Which is exactly why I then stripped the pill, and shipped the whole thing to a pro :twothumbs


----------



## rickypanecatyl (Feb 16, 2010)

Any chance we could get some beamshots at 100meters more or less?


----------



## mvyrmnd (Feb 16, 2010)

I just tried to do this, but my camera wouldn't oblige.

I'll try again another night.


----------



## Shrigg (Mar 23, 2010)

I have an RQ Spear arriving from KD "any day now" and want to use my Nailbender 2.5A SST-50 to create a versatile 3 mode thrower. Is swapping the pill part of my Nailbender P60 drop in to the Spear feasible?


----------



## h22 (Mar 23, 2010)

That is a wicked mod, I just PMed Nailbender about building me a similar light. 
I have tried to find a spear for sale........ :shakehead.

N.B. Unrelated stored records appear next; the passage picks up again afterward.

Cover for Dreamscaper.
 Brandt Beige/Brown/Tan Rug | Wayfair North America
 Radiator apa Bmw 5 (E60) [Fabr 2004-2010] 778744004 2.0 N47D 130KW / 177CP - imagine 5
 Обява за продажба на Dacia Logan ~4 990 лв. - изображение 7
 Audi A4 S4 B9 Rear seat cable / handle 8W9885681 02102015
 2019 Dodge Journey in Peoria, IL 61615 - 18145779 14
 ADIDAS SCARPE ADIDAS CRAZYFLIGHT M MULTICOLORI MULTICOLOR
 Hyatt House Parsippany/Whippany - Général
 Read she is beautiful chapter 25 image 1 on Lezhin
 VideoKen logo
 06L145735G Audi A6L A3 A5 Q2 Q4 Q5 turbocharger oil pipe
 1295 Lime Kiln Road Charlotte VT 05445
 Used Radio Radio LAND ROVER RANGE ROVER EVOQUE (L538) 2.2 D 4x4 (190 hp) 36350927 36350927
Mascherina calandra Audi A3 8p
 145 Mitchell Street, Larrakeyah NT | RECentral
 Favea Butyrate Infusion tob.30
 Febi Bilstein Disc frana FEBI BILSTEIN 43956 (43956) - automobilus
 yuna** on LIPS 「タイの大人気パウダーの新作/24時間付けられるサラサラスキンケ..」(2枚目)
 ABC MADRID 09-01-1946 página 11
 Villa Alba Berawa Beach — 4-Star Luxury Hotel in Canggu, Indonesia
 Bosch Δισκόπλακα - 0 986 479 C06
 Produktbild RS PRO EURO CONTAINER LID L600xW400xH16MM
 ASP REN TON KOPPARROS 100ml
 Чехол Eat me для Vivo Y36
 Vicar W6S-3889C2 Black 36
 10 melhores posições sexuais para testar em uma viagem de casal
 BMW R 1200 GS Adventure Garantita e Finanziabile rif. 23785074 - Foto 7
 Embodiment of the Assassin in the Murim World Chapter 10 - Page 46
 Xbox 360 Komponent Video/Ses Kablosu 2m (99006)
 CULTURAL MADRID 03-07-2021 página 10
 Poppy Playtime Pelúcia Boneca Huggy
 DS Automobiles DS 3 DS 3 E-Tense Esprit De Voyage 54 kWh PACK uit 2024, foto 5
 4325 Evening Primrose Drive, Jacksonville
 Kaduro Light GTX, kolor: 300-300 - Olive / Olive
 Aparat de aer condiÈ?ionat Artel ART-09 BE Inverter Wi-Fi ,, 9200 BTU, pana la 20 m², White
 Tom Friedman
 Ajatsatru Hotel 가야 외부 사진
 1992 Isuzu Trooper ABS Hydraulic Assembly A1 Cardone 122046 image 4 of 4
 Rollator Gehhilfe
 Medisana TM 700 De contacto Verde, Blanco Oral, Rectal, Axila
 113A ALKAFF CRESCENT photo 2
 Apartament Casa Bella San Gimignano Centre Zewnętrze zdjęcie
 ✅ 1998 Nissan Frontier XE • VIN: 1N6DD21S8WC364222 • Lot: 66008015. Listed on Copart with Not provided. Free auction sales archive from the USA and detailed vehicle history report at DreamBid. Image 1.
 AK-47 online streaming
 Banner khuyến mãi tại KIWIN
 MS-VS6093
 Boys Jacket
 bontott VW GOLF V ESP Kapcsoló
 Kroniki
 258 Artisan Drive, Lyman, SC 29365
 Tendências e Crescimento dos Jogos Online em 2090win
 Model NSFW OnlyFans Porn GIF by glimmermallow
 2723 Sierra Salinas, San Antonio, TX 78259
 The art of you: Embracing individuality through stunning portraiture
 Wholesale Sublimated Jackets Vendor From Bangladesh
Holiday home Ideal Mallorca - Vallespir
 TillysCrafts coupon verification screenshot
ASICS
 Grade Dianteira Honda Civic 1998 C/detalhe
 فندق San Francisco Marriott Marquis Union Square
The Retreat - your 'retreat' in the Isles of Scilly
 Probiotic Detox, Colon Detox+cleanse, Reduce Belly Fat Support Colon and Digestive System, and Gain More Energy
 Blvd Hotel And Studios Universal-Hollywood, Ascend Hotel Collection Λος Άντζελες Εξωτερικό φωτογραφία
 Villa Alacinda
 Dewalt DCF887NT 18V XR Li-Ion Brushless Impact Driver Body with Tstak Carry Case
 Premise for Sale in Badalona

Are these still for sale, and is there an extention tube offered?

With that kind of current draw, just one 18650 wont last too long:devil:, 

Either way that would be a cool light to add to my collection!


----------



## h22 (Mar 23, 2010)

h22 said:


> That is a wicked mod, I just PMed Nailbender about building me a similar light.
> I have tried to find a spear for sale........ :shakehead.
> 
> Are these still for sale, and is there an extention tube offered?
> ...


 
DOPE:thinking:, foud it.....spelled it wrong in my search......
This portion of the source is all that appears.